Subject to the limitation on the transferability of this option contained herein, this Agreement shall be binding upon and inure to the benefit of the heirs, legatees, legal representatives, successors and assigns of the parties hereto. 

17. Committee Authority. The Committee shall have the power to interpret the Plan and this Agreement and to adopt such rules for the administration,
interpretation and application of the Plan as are consistent therewith and to interpret or revoke any such rules. All actions taken and all interpretations and determinations made by the Committee in good faith shall be final and binding upon the
Employee, the Company and all other interested persons.
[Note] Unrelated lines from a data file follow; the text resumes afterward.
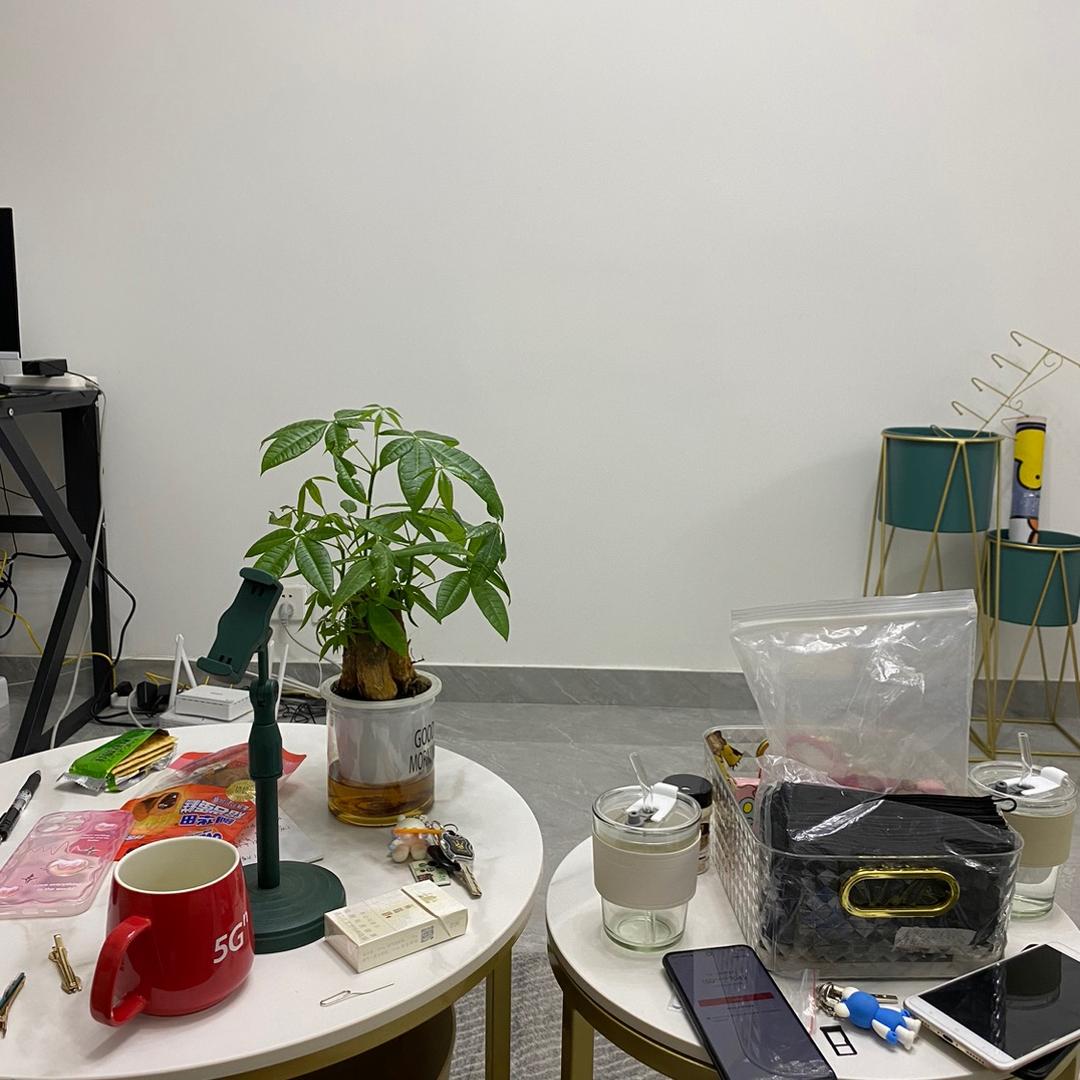 临听足球赛事
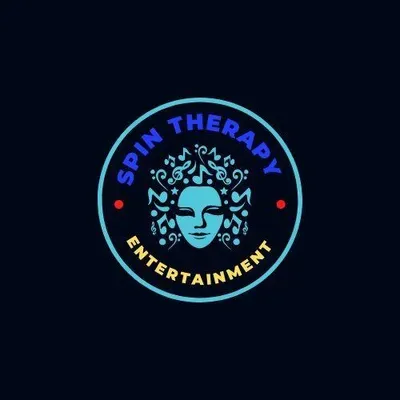 Spin Therapy Entertainment, LLC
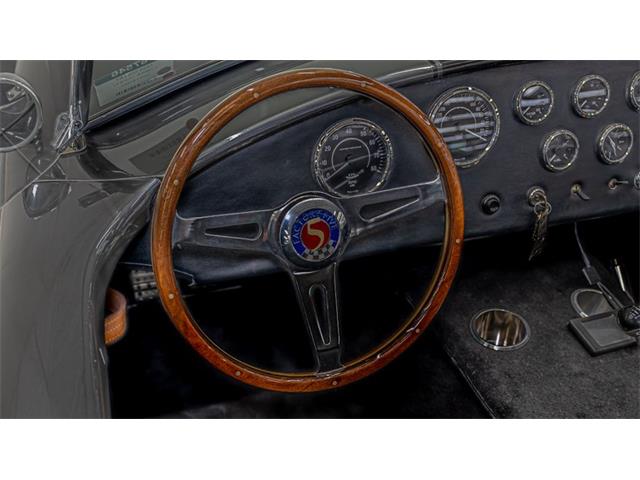 1965 Factory Five MK4 (CC-1722561) for sale in Ventura, California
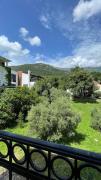 Top Budva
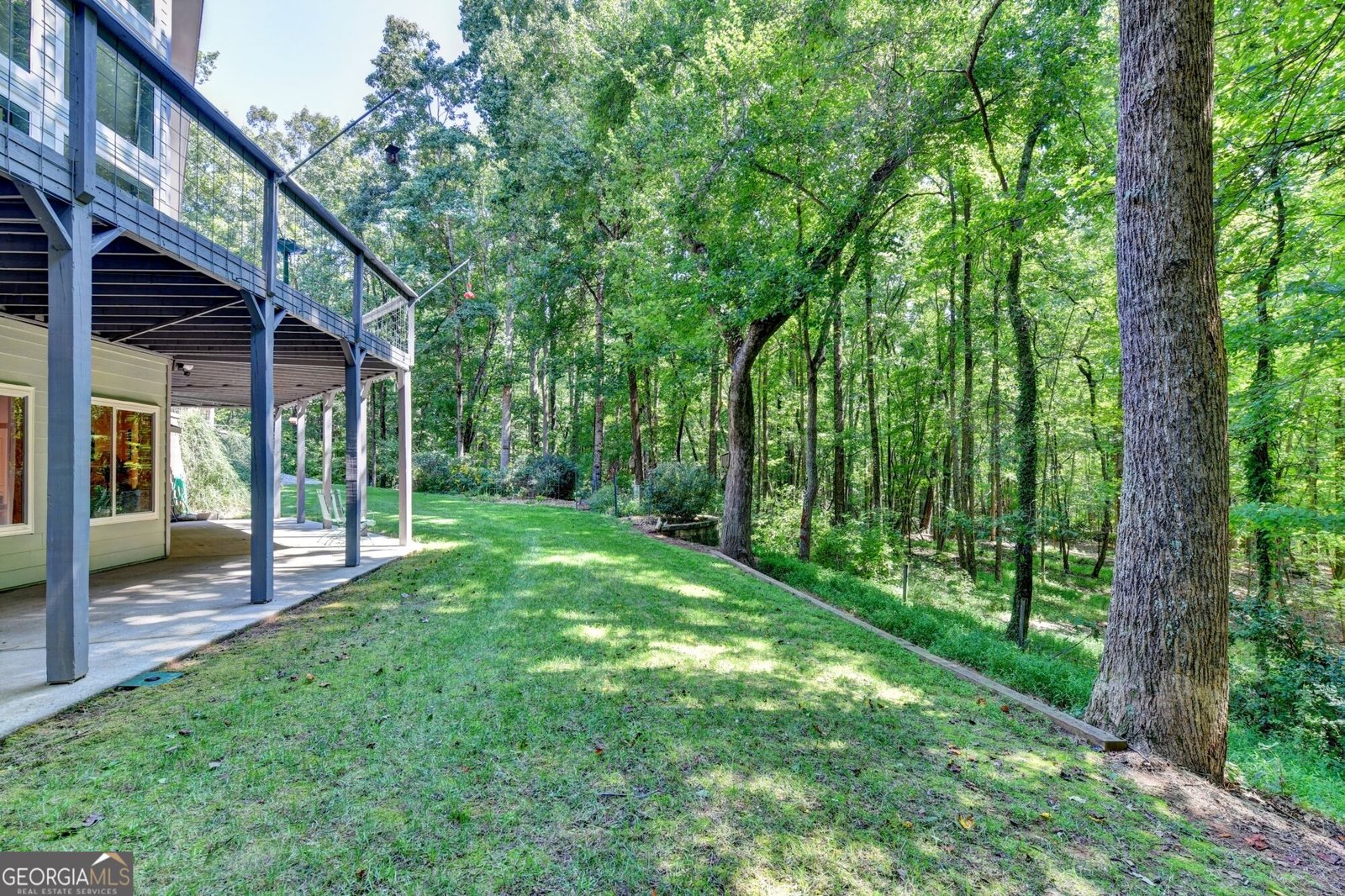 6173 Pine Circle Flowery Branch - Photo 99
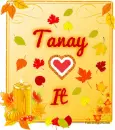 Tanay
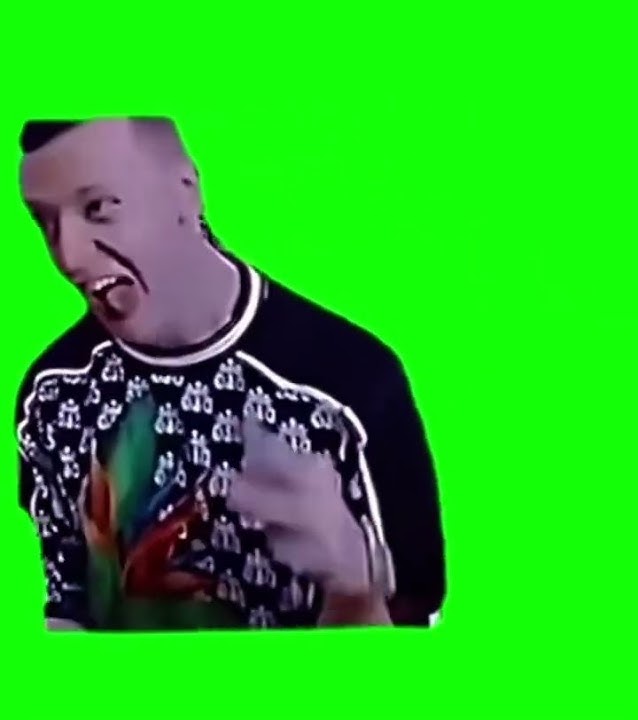 Mellstroy meme green screen #mellstroy #meme
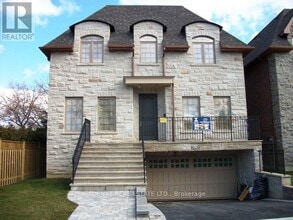 Building Photo - 33 Yeomans Rd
The Committee shall not be personally liable for any action, determination or interpretation made in good faith with respect to the Plan or this Agreement. 
  

 Page 4 of 5 

 18. Captions. Captions provided herein are for convenience only and are not to serve as a basis for interpretation
or construction of this Agreement. 
 19. Agreement Severable. In the event that any provision in this Agreement shall be held invalid or
unenforceable, such provision shall be severable from, and such invalidity or unenforceability shall not be construed to have any effect on, the remaining provisions of this Agreement. 
 20. Modifications to the Agreement. This Agreement constitutes the entire understanding of the parties on the subjects covered. The Employee expressly warrants that he or she is not accepting this Agreement in
reliance on any promises, representations, or inducements other than those contained herein. Modifications to this Agreement or the Plan can be made only in an express written contract executed by a duly authorized officer of the Company.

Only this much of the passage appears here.